The actual instance itself is pretty straight-forward, and I wrote it as:

instance Functor Set.Set where
  fmap f empty = Set.empty
  fmap f s = Set.fromList $ map f (Set.elems s)  

But, since I happen to use the function fromList this brings in a class constraint calling for the types used in the Set to be Ord, as is explained by a compiler error:

Error occurred
ERROR line 4 - Cannot justify constraints in instance member binding
*** Expression    : fmap
*** Type          : Functor Set => (a -> b) -> Set a -> Set b
*** Given context : Functor Set
*** Constraints   : Ord b

See: Live Example

I tried putting a constraint on the instance, or adding a type signature to fmap, but neither succeeded (both were compiler errors as well.)

Given a situation like this, how can a constraint be fulfilled and satisfied? Is there any possible way?

Thanks in advance! :)

Answer 1

Unfortunately, there is no easy way to do this with the standard Functor class. This is why Set does not come with a Functor instance by default: you cannot write one.

This is something of a problem, and there have been some suggested solutions (e.g. defining the Functor class in a different way), but I do not know if there is a consensus on how to best handle this.

I believe one approach is to rewrite the Functor class using constraint kinds to reify the additional constraints instances of the new Functor class may have.
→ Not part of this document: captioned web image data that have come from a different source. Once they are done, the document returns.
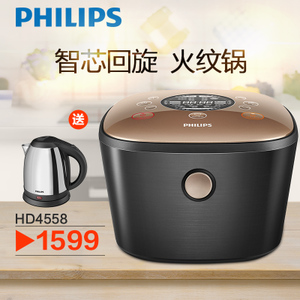 Philips/飞利浦 HD4558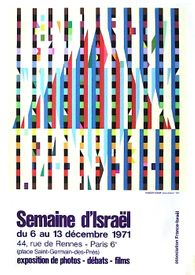 Expo 71 - Semaine d'Israël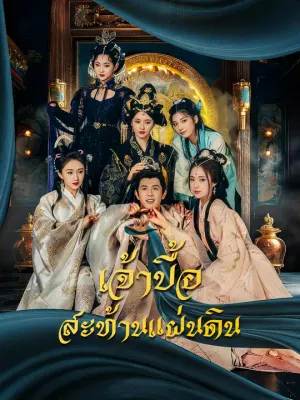เจ้าบื้อสะท้านแผ่นดิน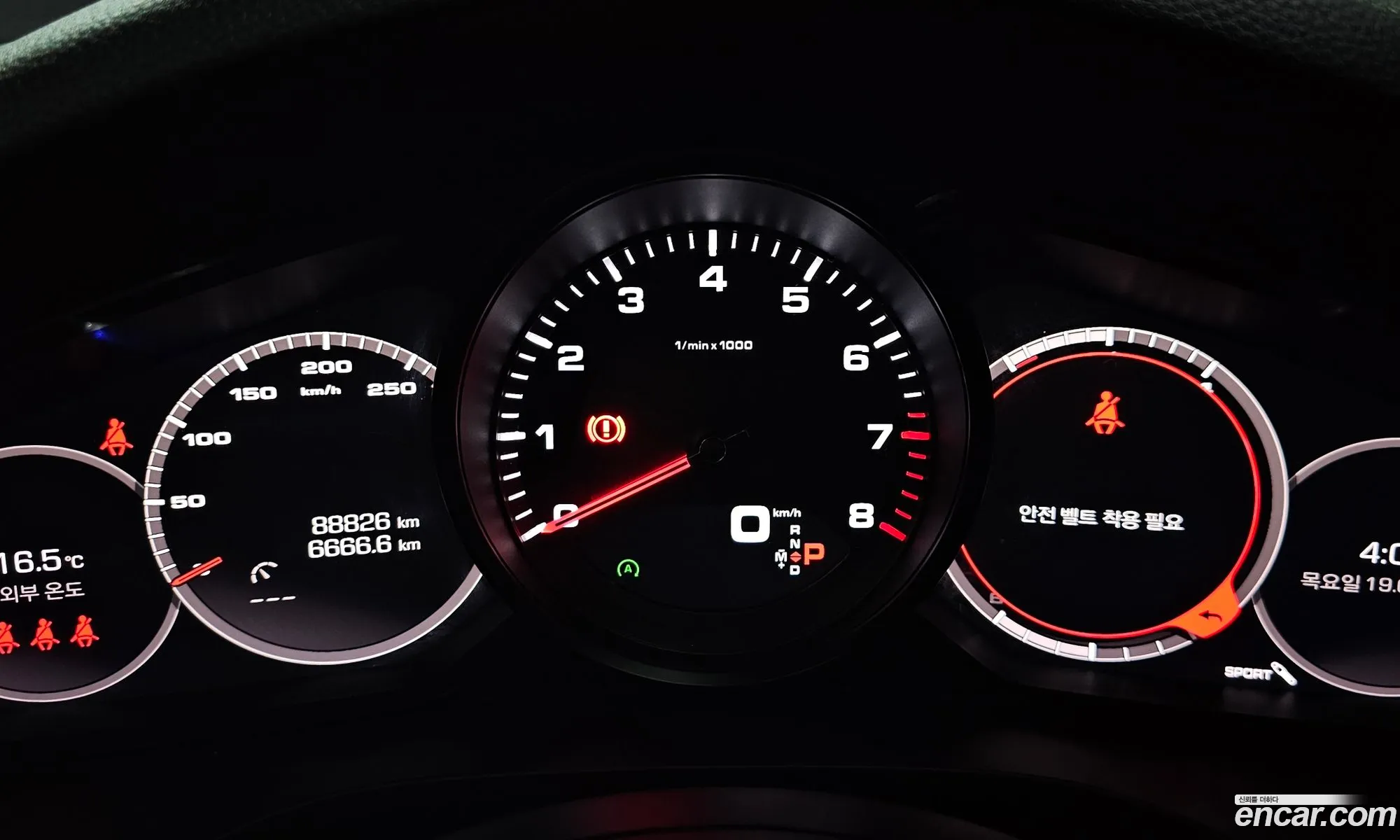 Porsche Cayenne 2021 WP1AA29Y6MDA17274 — 18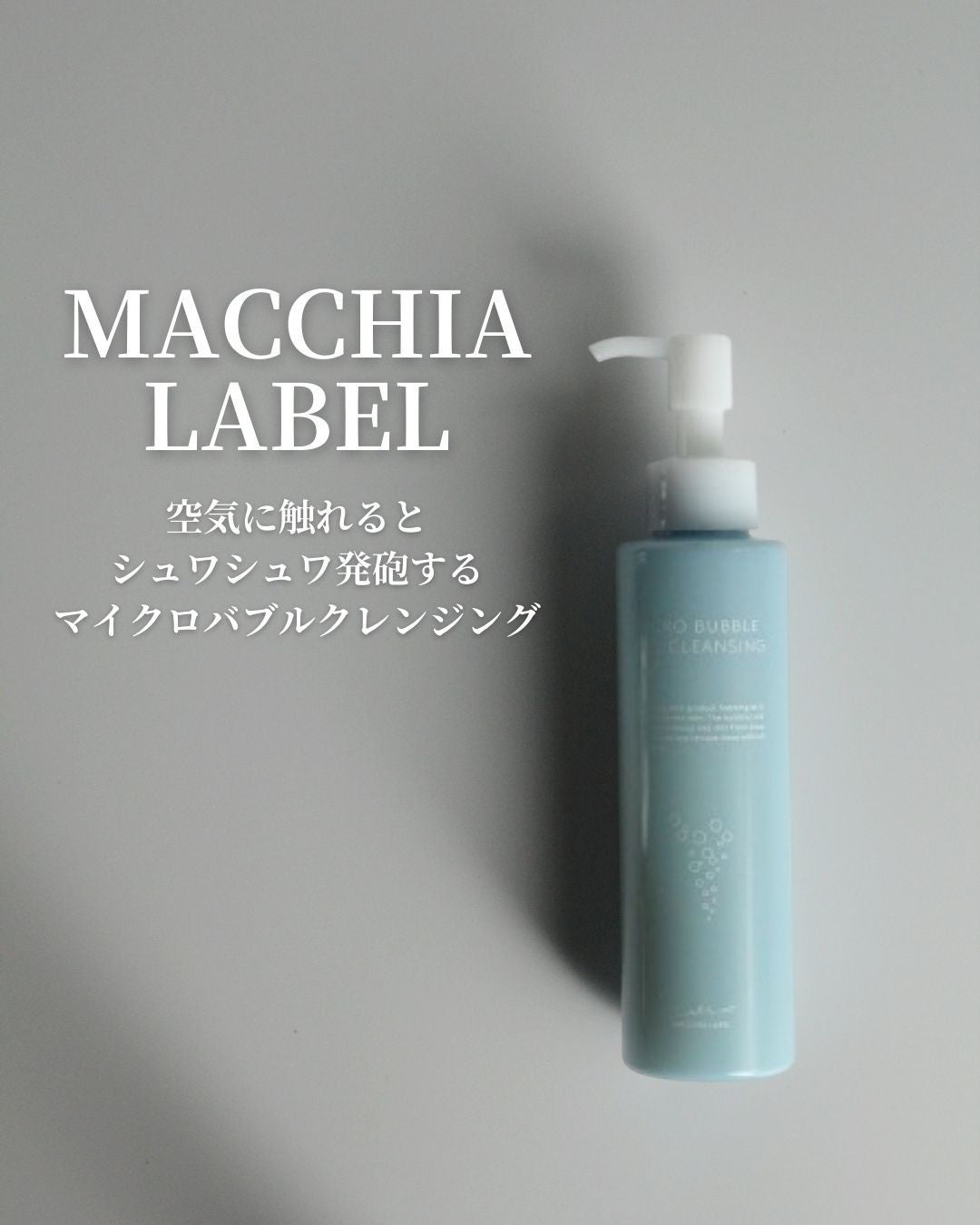 マイクロバブルジェルクレンジング/Macchia Label/クレンジングジェルを使ったクチコミ(1枚目)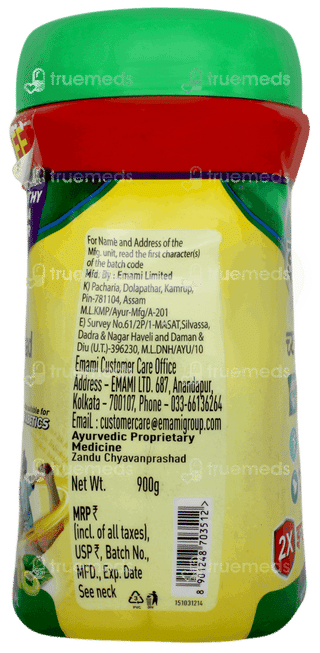 Zandu Chyavanprashad 2x Immunity No Added Sugar 900gm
This would let you specify that Set has to contain types from the Ord class.

Another approach uses only multi-parameter classes. I could only find the article about doing this for the Monad class, but making Set part of Monad faces the same problems as making it part of Functor. It's called Restricted Monads.

The basic gist of using multi-parameter classes here seems to be something like this:

class Functor' f a b where
  fmap' :: (a -> b) -> f a -> f b

instance (Ord a, Ord b) => Functor' Data.Set.Set a b where
  fmap' = Data.Set.map

Essentially, all you're doing here is making the types in the Set also part of the class. This then lets you constrain what these types can be when you write an instance of that class.
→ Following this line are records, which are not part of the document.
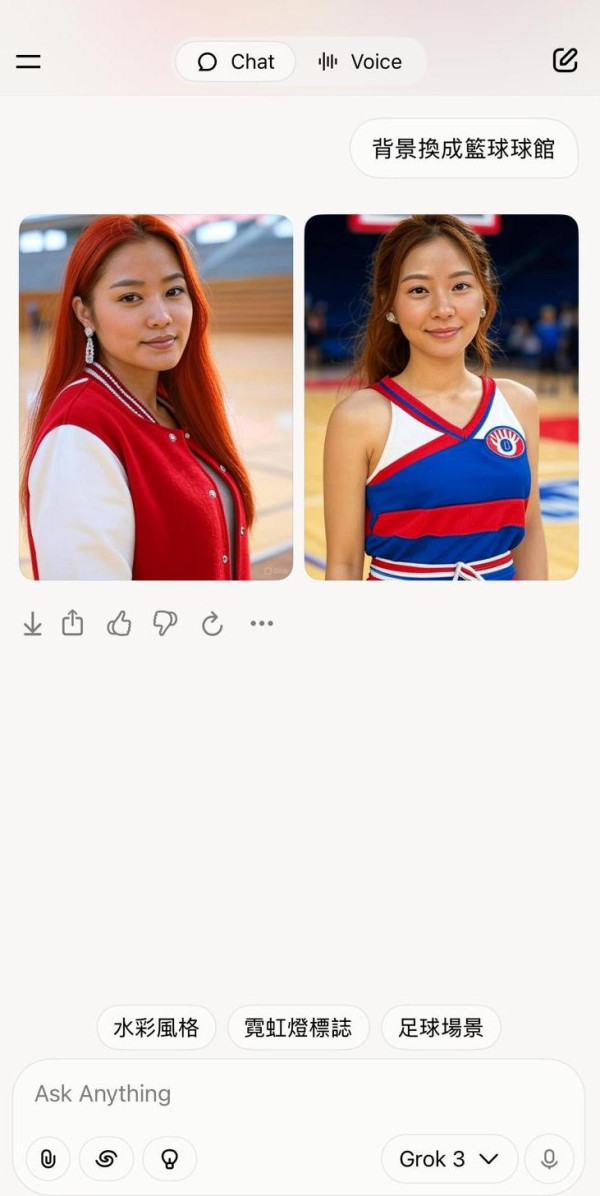 Grok AI 最新圖像編輯功能 文字指令輕鬆編輯圖片 【附實測教學+貼士】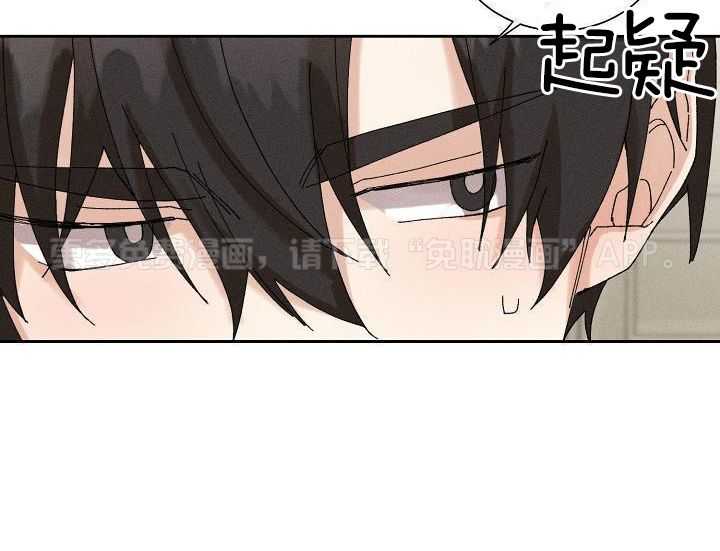 非分之想第48话图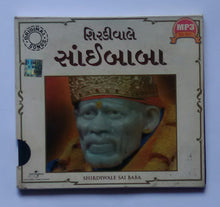 Shirdiwale Sai Baba ( MP3 ) Original Songs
This version of Functor needs two extensions: MultiParamTypeClasses and FlexibleInstances. (You need the first extension to be able to define the class and the second extension to be able to define an instance for Set.)

Haskell : An example of a Foldable which is not a Functor (or not Traversable)? has a good discussion about this.

Answer 2

This is impossible. The purpose of the Functor class is that if you have Functor f => f a, you can replace the a with whatever you like. The class is not allowed to constrain you to only return this or that. Since Set requires that its elements satisfy certain constraints (and indeed this isn't an implementation detail but really an essential property of sets), it doesn't satisfy the requirements of Functor.
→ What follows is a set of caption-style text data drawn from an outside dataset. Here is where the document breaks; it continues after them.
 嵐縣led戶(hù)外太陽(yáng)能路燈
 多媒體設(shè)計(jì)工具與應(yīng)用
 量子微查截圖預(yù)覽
There are, as mentioned in another answer, ways of developing a class like Functor that does constrain you in that way, but it's really a different class, because it gives the user of the class fewer guarantees (you don't get to use this with whatever type parameter you want), in exchange for becoming applicable to a wider range of types. That is, after all, the classic tradeoff of defining a property of types: the more types you want to satisfy it, the less they must be forced to satisfy.

(Another interesting example of where this shows up is the MonadPlus class. In particular, for every instance MonadPlus TC you can make an instance Monoid (TC a), but you can't always go the other way around. Hence the Monoid (Maybe a) instance is different from the MonadPlus Maybe instance, because the former can restrict the a but the latter can't.)